Il progetto è stato analizzato nel corso dell'International University Congress 2020, tenutosi nella capitale cubana. Puntare su veicoli a batteria consentirebbe sia di ridurre la dipendenza dai carburanti tradizionali che di ringiovanire il parco circolante. Il problema è che l'85% dell'energia elettrica viene prodotta proprio da combustibili fossili
Da una delle nazioni col più obsoleto parco auto circolante al mondo ad apripista della mobilità elettrica di massa: è il nuovo sogno di Cuba, che aspira a una minore dipendenza energetica dai combustibili fossili – per lo più di importazione e che arrivano nel paese in quantitativi limitati, prevalentemente dal Venezuela – e a un totale rinnovo dei veicoli privati e pubblici. Chi ha avuto la fortuna di visitare il paese, sa che circolare per le strade cubane è come fare un salto indietro nel tempo: molte delle auto sono di produzione americana, risalenti agli anni cinquanta e sessanta. Il che rende Cuba una sorta di museo a cielo aperto delle quattro ruote, dove sfrecciano Cadillac e Chevy risalenti al periodo pre-embargo. La flotta automobilistica, in generale, ha un’età media di 35 anni, col 77% dei veicoli che hanno più di 20 anni di servizio alle spalle.
Mezzi di indubbio fascino ma decisamente poco sicuri, molto inquinanti e, ovviamente, tutt’altro che efficienti. Da qui l’idea di sposare la causa dell’elettromobilità, la stessa che consentirebbe a Cuba di fare a meno di tonnellate e tonnellate l’anno di carburanti e rinnoverebbe il parco circolante con mezzi più avanzati. Il progetto è stato analizzato nel corso dell’International University Congress 2020 all’Avana, dove le università nazionali di Cienfuegos e il Politecnico José Antonio Echeverría, hanno presentato un’analisi sulla possibile rivoluzione elettrica.
Le auto a batteria lenirebbero la domanda interna di petrolio. Peraltro, a Cuba esiste già la società statale Aguas dell’Avana che adopera una flotta di 22 automobili elettriche, con le quali ottiene un notevole risparmio sui costi di gestione. Con l’importazione di auto a batteria, quindi, si otterrebbero risparmi di carburante e la qualità del trasporto pubblico migliorerebbe. Anche se rimane un grosso punto interrogativo, ovvero la fonte da cui ricavare energia elettrica: a oggi circa l’85% dell’elettricità prodotta a Cuba ha origine da combustibili fossili. Perciò, la rivoluzione elettrica avrebbe realmente senso se l’energia derivasse da fonti rinnovabili.

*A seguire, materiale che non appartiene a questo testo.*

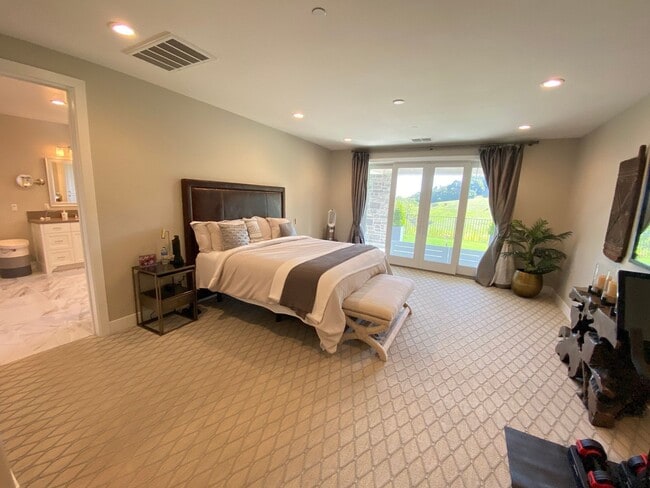 Building Photo - Wilder, Orinda!!!  4 Bed, 4.5 Bath, apx 3,380 Sq Ft.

Lo studio presentato al University Congress 2020 arriva in un momento particolarmente critico: con le nuove sanzioni e la recessione economica, Cuba sta affrontando una seria crisi nell’approvvigionamento del carburante, forse la più grave della storia recente del Paese. Tanto che circolare con veicoli endotermici è diventato proibitivo per una grande fetta della popolazione. A migliorare un po’ la mobilità pensano gli scooter elettrici, già molto diffusi (se ne contano circa 200 mila) e importati dalla Cina: sono diventati essenziali per resistere alla carenza di carburanti fossili. Basti pensare che, su sollecitazione del Governo, i proprietari dei “motorinas” sono impegnati in un servizio a metà strada tra il taxi e il ride sharing, erogato su base volontaria. Anche se questi veicoli a due ruote diventano limitanti per gli spostamenti fuori città (possono viaggiare a una velocità massima di 50 Km/h).
Per la nazione, inoltre, quello all’elettrico sarebbe un ritorno alle origini: nel 1899, infatti, la Havana Electric Railway Company, società con sede nel New Jersey (USA), acquisì il diritto di installare un tram elettrico nella capitale cubana, che entrò in servizio nel 1901, in concomitanza con la costruzione di una centrale elettrica. Sulle strade in quegli anni operarono 533 tram, 10 locomotive elettriche e 10 autovetture di servizio automobilistico oltre a 73 vagoni merci per il trasporto di materiali da costruzione e carbone. Le 30 linee della tramvia furono dismesse circa 70 anni fa, quando i veicoli a motore, più veloci e più capienti, conquistarono il mercato.